* [The problem]: Lower down are entries containing pictures. Copy exactly, without those pictures, the lines from the line with "경복궁 복원 조선총독부" through the line with "Bursa'da eğitim uçağı".

* [Available records]:
:::
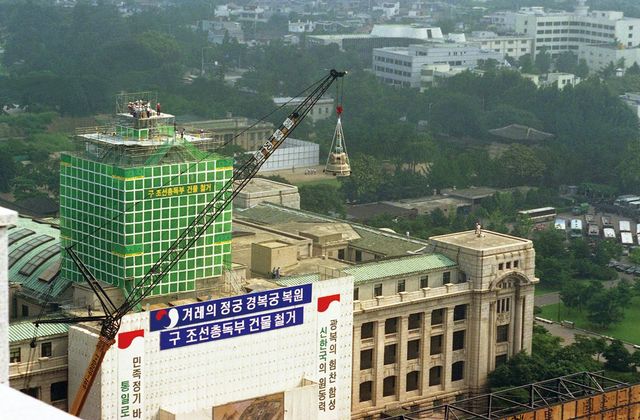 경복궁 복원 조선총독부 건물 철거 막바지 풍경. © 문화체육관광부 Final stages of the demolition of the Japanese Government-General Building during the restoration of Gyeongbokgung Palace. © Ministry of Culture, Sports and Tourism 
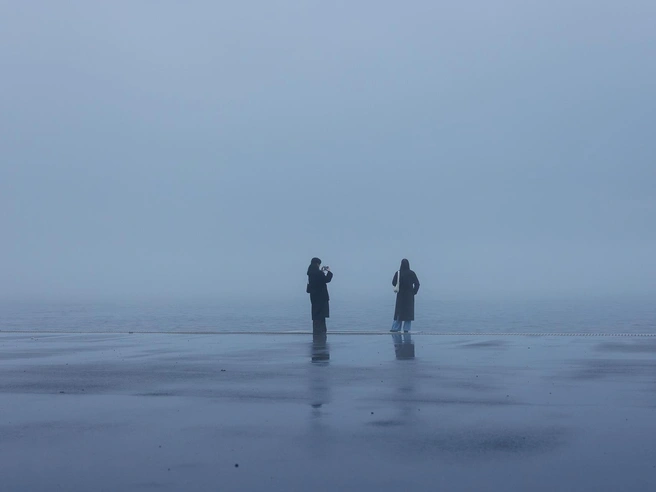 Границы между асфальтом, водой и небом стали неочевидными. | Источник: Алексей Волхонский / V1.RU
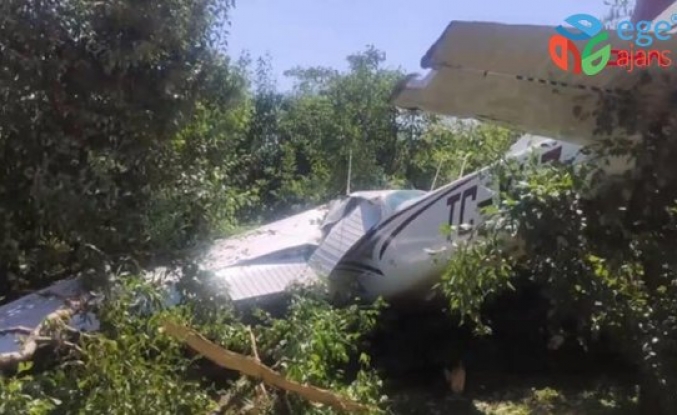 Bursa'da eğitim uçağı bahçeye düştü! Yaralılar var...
:::
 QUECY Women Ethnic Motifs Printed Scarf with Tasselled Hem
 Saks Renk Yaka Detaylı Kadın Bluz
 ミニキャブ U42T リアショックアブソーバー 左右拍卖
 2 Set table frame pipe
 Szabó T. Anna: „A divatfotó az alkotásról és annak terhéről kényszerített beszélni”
:::
* [Worked solution]:
 경복궁 복원 조선총독부 건물 철거 막바지 풍경. © 문화체육관광부 Final stages of the demolition of the Japanese Government-General Building during the restoration of Gyeongbokgung Palace. © Ministry of Culture, Sports and Tourism 
 Границы между асфальтом, водой и небом стали неочевидными. | Источник: Алексей Волхонский / V1.RU
 Bursa'da eğitim uçağı bahçeye düştü! Yaralılar var...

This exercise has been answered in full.